There can be no question now that something has been going on behind the scenes. The rapidity with which the two countries have announced and implemented what they call confidence building measures is without precedent

Something is going on — has gone on for some time — between New Delhi and Islamabad involving Kashmir. The United States denies that it has anything to do with it. Employing a string of the usual clichés, the only thing it confesses to is wishing both countries well and hoping they can come to terms and settle their differences bilaterally and in a peaceful manner. How many times have we heard that? The question is has the United States been as out of it as it would have us believe? Let’s see.
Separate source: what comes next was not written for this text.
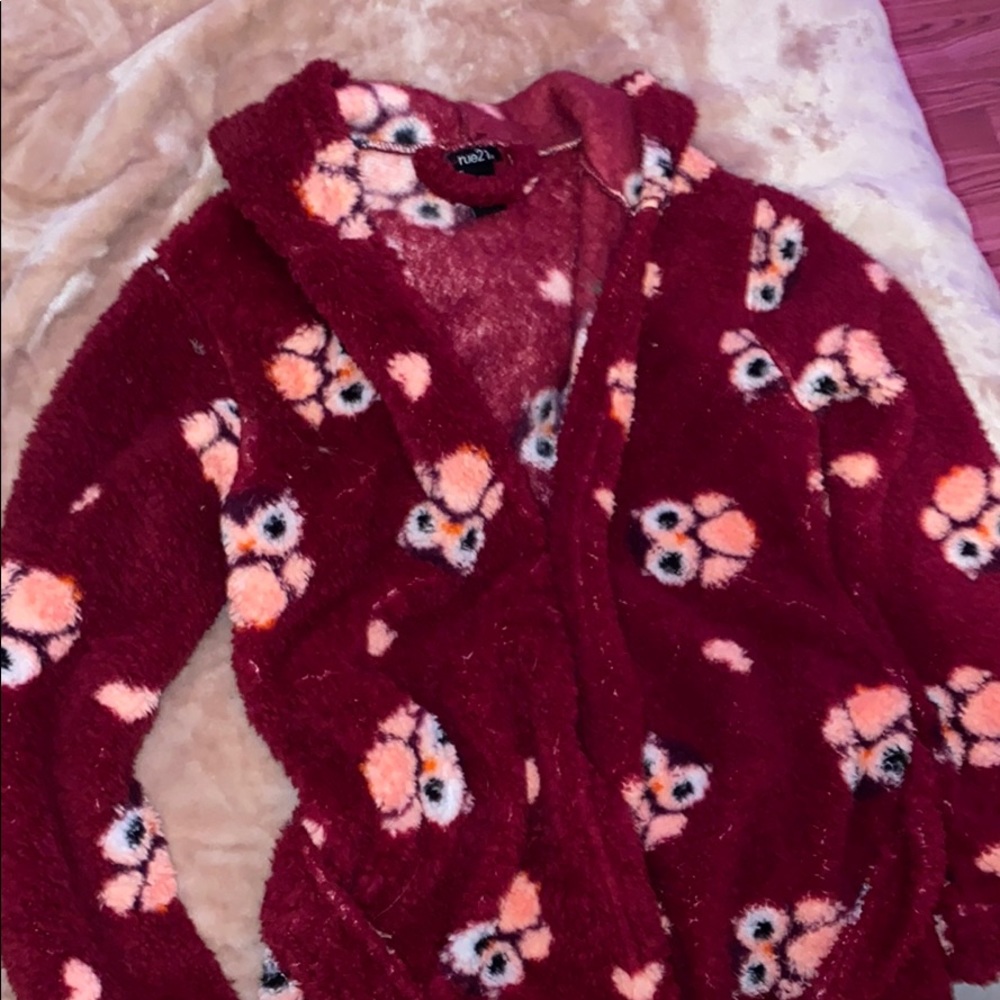 Rue21 Robe Size S/M with Owls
Colin Powell may have inadvertently given us a peep behind the scenes when he said in a recent interview — he grants on average three to four a day which should worry his doctors — that the US had been working on India and Pakistan for the last two years. However, everyone here (including Charlie’s aunt) emphasises that this in no way takes away the credit for the Islamabad Accord from General Musharraf and Prime Minister Vajpayee. A Washington Post columnist has practically anointed the two leaders as potential Nobel Peace Prize winners, which must send a shiver down the spine of those who remember the Nobel awarded to Yasser Arafat and Menachim Begin. Will the same kind of peace be brought to Kashmir as has come to Palestine?

There can be no question now that something has been going on behind the scenes. The rapidity with which the two countries have announced and implemented what they call confidence building measures is without precedent. What in the past had taken years has taken days this time. Indian external affairs minister Yashwant Sinha told a meeting at the Woodrow Wilson Centre that the ceasefire in Kashmir was comprehensive and never before had such a ceasefire taken effect. It not only was being observed along the Line of Control in Kashmir but was effectively in place along the Pakistan border with Jammu, as well as in the Siachin Glacier which would be the first time those frozen heights have been spared the sound of gunfire.

Pakistan has practically jettisoned the UN Security Council resolutions calling for a plebiscite in Kashmir through a unilateral announcement by President Musharraf, a development that took the whole world by surprise. It used to be said that Pakistan was a party to the Kashmir dispute by virtue of those resolutions. They were the bedrock on which Pakistan’s case rested. It can, therefore, be argued that Pakistan stands to lose its locus standi in Kashmir if the Security Council resolutions are to be no longer operative. Why has Pakistan moved away from those resolutions? Was it asked to make this ‘gesture’ by those who are brokering the deal, more and more of whose features will surface in the coming months?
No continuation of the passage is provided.